StatusDropdownOptionalThe current status of the GPAI model within your organisation: Active (currently in use or being provided), Deprecated (being phased out, replacement identified), Retired (no longer in use or provided), or Evaluation (being assessed for potential adoption or integration). Track status changes through the audit log to maintain a complete history of GPAI model usage in your organisation.
VersionText inputOptionalThe specific version of the GPAI model (e.g., "4o-2024-08-06", "3.5-sonnet-20241022", "1.5-pro-002"). Version tracking is particularly important for GPAI models because different versions may have significantly different capabilities, risk profiles, and compliance characteristics. When a provider releases a new version, assess whether the changes constitute a substantial modification requiring updated documentation or risk assessment. Create new records for major version changes to maintain clear version history.
Tip — GPAI Integration Mapping: If your AI systems use GPAI models as components (e.g., a customer service application built on a commercial LLM, or a document analysis tool using an embedding model), register each GPAI model in this sub-register and reference it in the corresponding AI system's technical documentation. This creates a clear mapping between your AI systems and the underlying GPAI models, demonstrating awareness of supply chain obligations.

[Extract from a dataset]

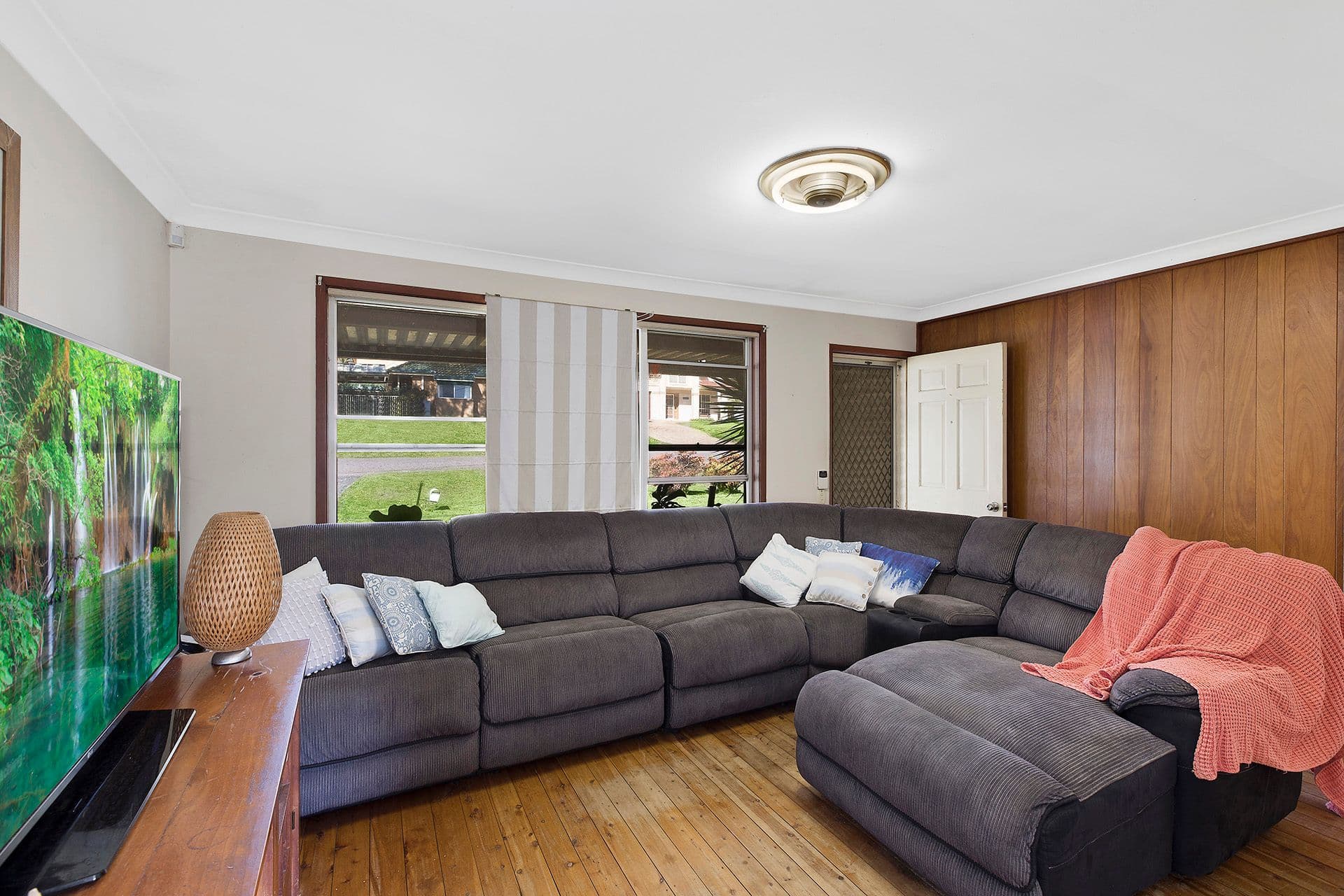119 Lakin Street, Bateau Bay NSW 2261, Bateau Bay - Thumbnail 5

When a GPAI provider updates their model or terms of service, you can quickly identify which of your AI systems are affected by searching the GPAI register.
Provider vs. Deployer Obligations: As a GPAI provider, you bear full Title IIIA obligations. As a downstream provider/deployer: verify you have adequate documentation from the GPAI provider, maintain integration records, comply with your AI system's own risk classification obligations, and include GPAI model details in your Annex IV documentation.

Assessment Lifecycle

Step 1 — Initiation

Create the assessment record. Select the type based on risk classification and domain. Engage notified body or third party if required.

Step 2 — Documentation Preparation

Gather required documentation: technical docs (Art. 11/Annex IV), QMS (Art. 17), risk management (Art. 9), data governance (Art. 10), human oversight (Art. 14), and testing reports (Art. 15).

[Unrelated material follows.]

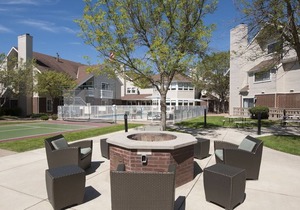 Rare Gem! 2 Convenient Units, Pool, Free Parking, Pet-Friendly Property in Eagan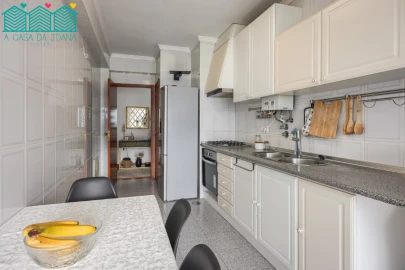 Apartamento T3 para Venda em Esgueira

Step 3 — Assessment Execution

Conduct assessment per Annex VI (internal) or Annex VII (third-party/notified body). Document all findings with evidence references.

Step 4 — Non-Conformity Resolution

Address non-conformities with corrective actions. Retest and verify effectiveness. For notified body assessments, re-evaluation may be required.

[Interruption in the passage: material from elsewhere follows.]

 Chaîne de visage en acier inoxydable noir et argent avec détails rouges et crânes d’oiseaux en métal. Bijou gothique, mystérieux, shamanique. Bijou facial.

Step 5 — Declaration & CE Marking

Draw up the EU declaration of conformity (Art. 47), affix CE marking (Art. 48), update record to "Completed" with CE Marking "Applied", and register in the EU database (Art. 49).

Step 6 — Post-Assessment Surveillance

Maintain compliance via post-market monitoring (Art. 72). Cooperate with surveillance audits. Schedule reassessment before expiry. Monitor for substantial modifications triggering reassessment (Art. 43(4)).

Warning — Substantial Modification: Art. 43(4) requires a new conformity assessment after any substantial modification — a change affecting compliance or intended purpose. Common triggers: significant retraining, architecture changes, expanded purpose, new deployment contexts, or new GPAI model integration. Monitor proactively and reassess promptly.